The reply should hold every line of the data below, unchanged, and none of the pictures.

■ ■ ■ ■

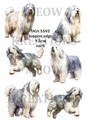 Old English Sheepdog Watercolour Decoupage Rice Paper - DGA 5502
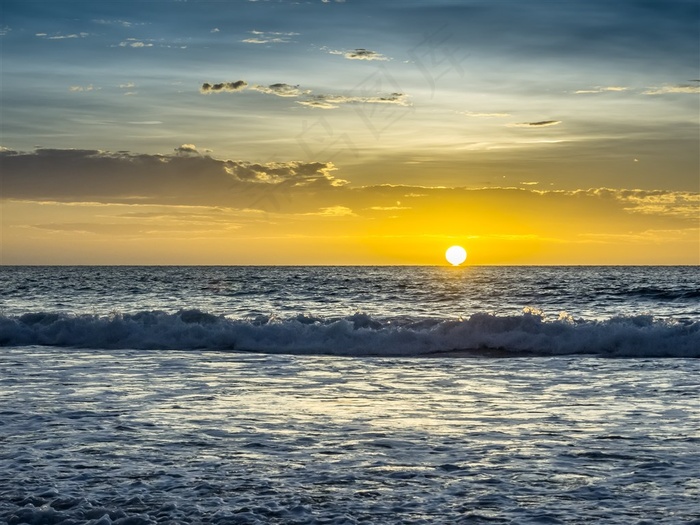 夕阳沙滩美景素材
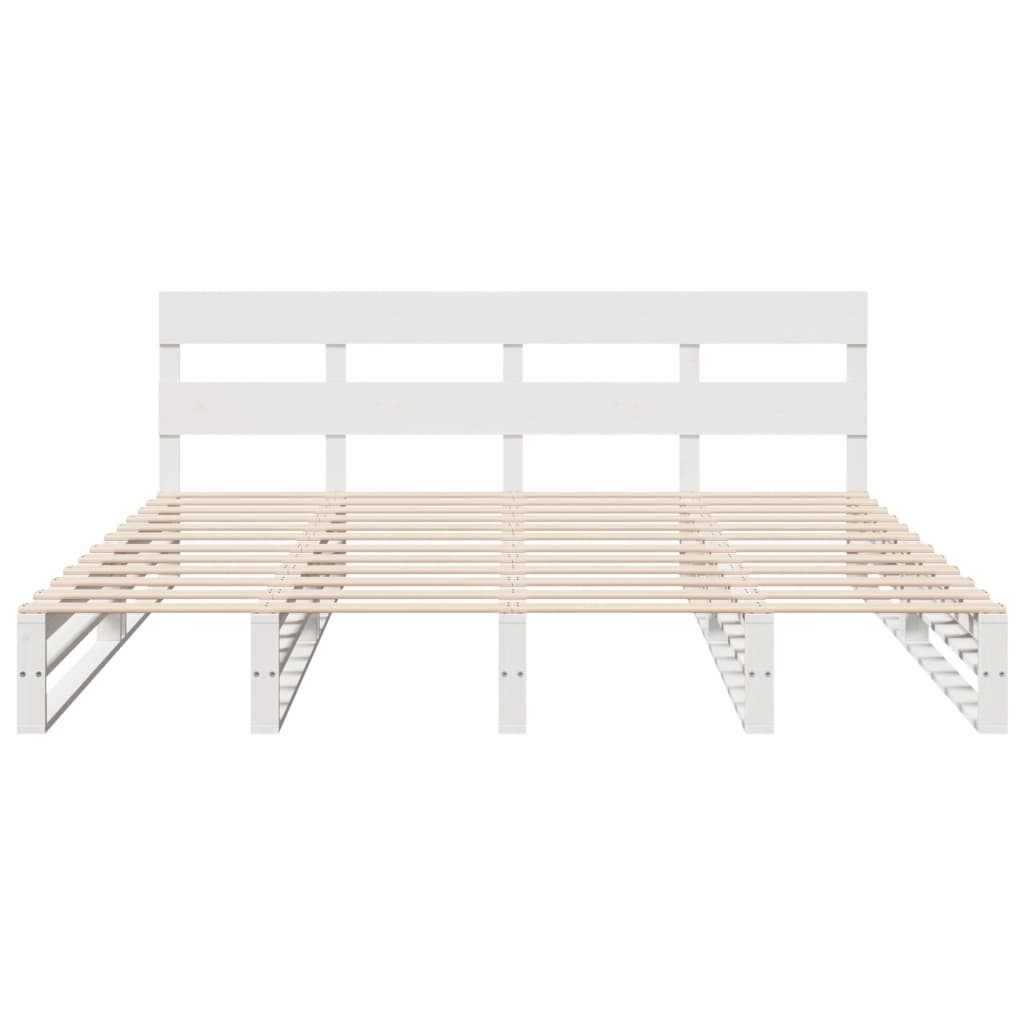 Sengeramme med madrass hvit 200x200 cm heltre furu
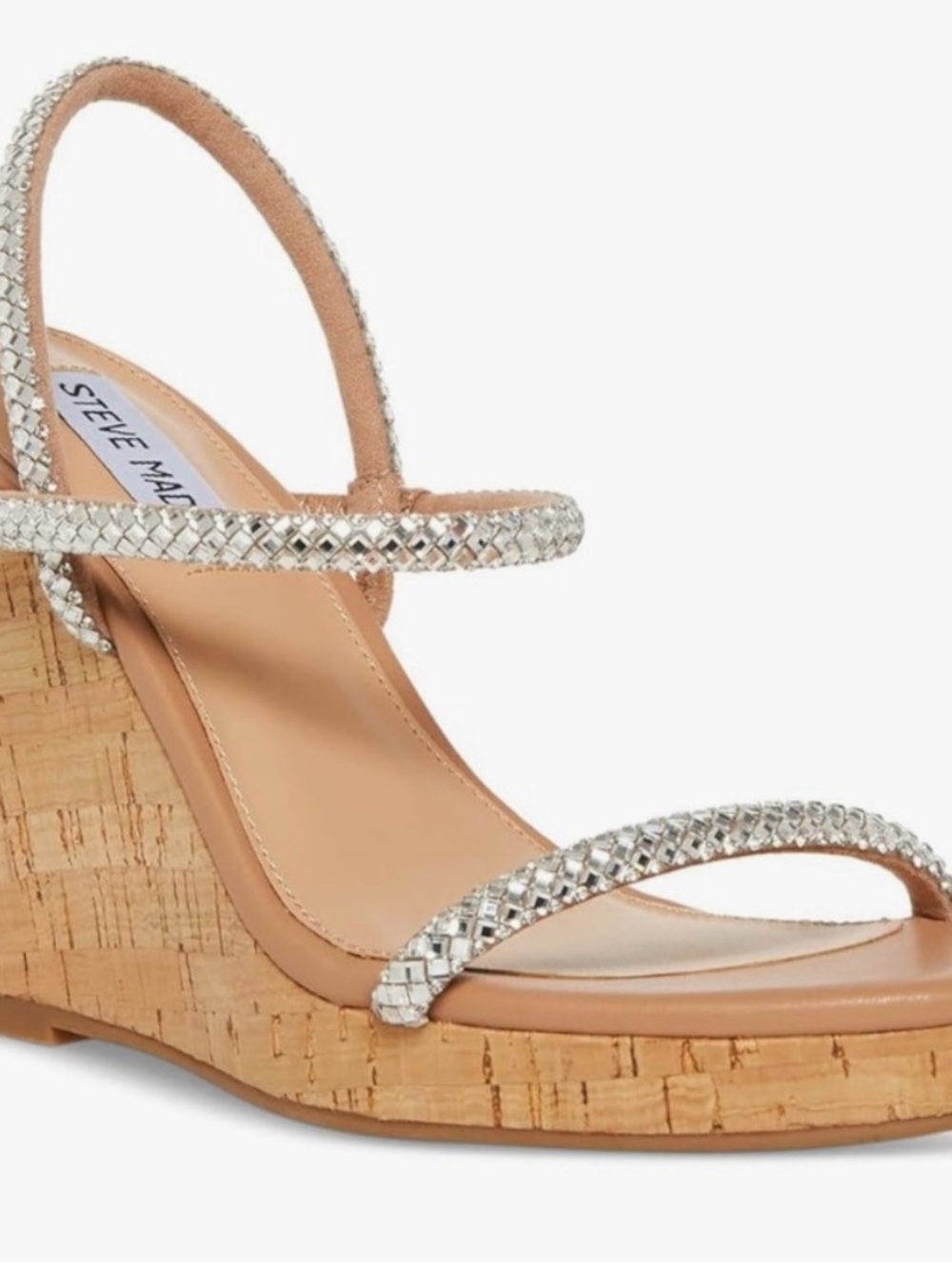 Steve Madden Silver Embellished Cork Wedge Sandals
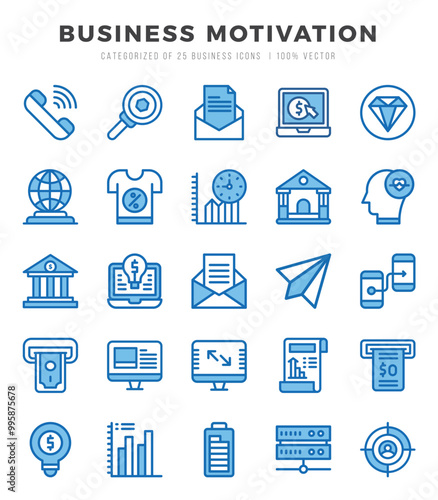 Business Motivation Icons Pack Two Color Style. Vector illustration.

■ ■ ■ ■

__ANSWER AREA__.
 Old English Sheepdog Watercolour Decoupage Rice Paper - DGA 5502
 夕阳沙滩美景素材
 Sengeramme med madrass hvit 200x200 cm heltre furu
 Steve Madden Silver Embellished Cork Wedge Sandals
 Business Motivation Icons Pack Two Color Style. Vector illustration.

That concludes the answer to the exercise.